To make a positive association again with going out. I tackled mines problem
by taking him in the car (he was Ok with the Car) starting in quiet areas like the park away from traffic, where he could have fun without being stressed and build up his confidence again. After he was happier and more relaxed, we progressed to small bursts of quiet roads, where he would only encounter a car or two, then a bit longer on that type of "roadwork" then a short burst of a little bit busier road, then a little longer, and so on and so on building up to really busy roads when he could cope.

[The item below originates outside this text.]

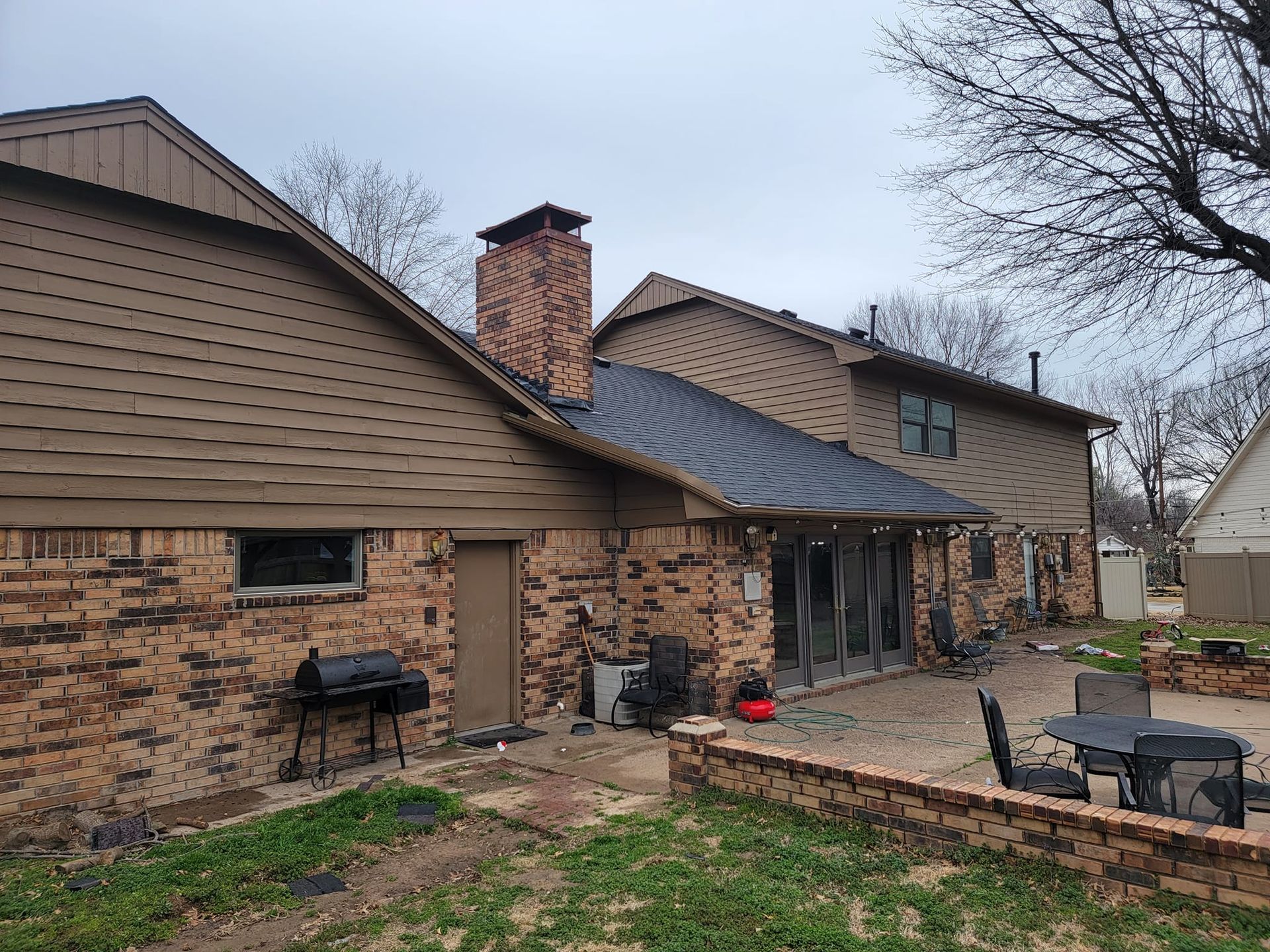 A large brick house with a patio and a bbq in the backyard.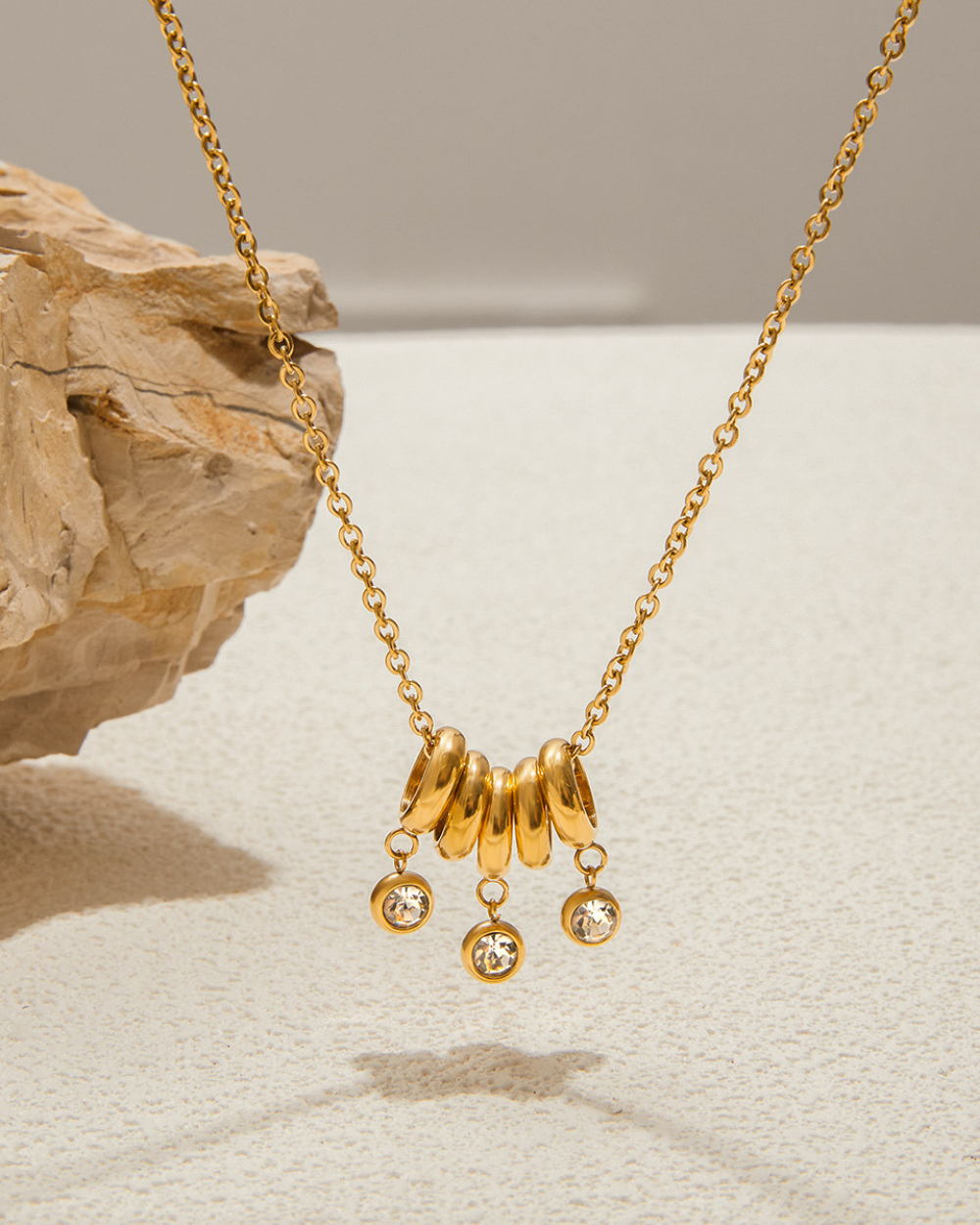 Gold necklace with three hanging charms on a neutral background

Another way to get them used to traffic, is if you can find a location where you can get away from traffic but hear it at a distance, starting at a distance he can cope with, praising and treating when he doesnt show fear.
Then as he learns to cope more, you move slowly nearer and nearer, until he can cope with visual and traffic going past nearby.

With any fear related behaviour, you cannot rush any stage, you have to do it at the dogs pace. If you do not feel confident enough, it would possibly be an idea to have a chat too and think about getting a behaviourist. They would assess him and give you a tailor made programme to sort the ptoblem out and give you support and guidance through the programme. If thats something you would like to consider. CAPBT - COAPE Association of Pet Behaviourists and Trainers E-Mail [email protected] should find you a COAPE Association of Pet Behaviourists and Trainers member in your area.


----------



## km1617

Thanks very much for the information you have provided. I will definitely do what I can.


----------



## Doolally

First of all i'd get him checked over by a vet - it could be something to do with his hearing or eyesight.

It's starting to get dark earlier now so it could be to do with this - have you ever walked him in the dark/twilight before?

My dog was attacked by 2 dogs a few years ago....straight after he refused to walk at all, fair enough, but then he would start a walk and all of a sudden stop, and there was nothing I could work out that was the trigger for it, it could have been a smell, a far off noise, who knows, but to be honest, what it was didn't really matter...I just had to increase his confidence in me, so that he knew no matter what worried him he was safe with me.

It did take me a year to get him fully over it. A DAP collar really helped, I could tell when it was coming to the end of the 4weeks as he would get worse. I did consider getting a Thunder shirt, but never needed it in the end. 
I worked really really hard to perfect his 'touch' command around the house/garden etc. That way when he got 'stuck' (and his getting 'stuck' was cowering down shaking refusing to move), I could get him to target touch my hand to get him moving again. I learnt to read his body language in the minutest detail, so in the split second before he got 'stuck' I could see it and get him into a really intense chase or tuggy game so he never had the chance to think about what it was that was going to worry him. I did a lot more clicker training with him in general as clicker training increases a dogs confidence and the more confident a dog is in one situation the more confident he's likely to be in other situations


----------



## JessiesGirl

Back at our old house, my dog would sometimes seem startled during a walk and then drag me back to the house. It took me quite awhile to figure out why, as the only thing that seemed consistent was that approximately half the time, she'd smell a bush and then this behavior began. 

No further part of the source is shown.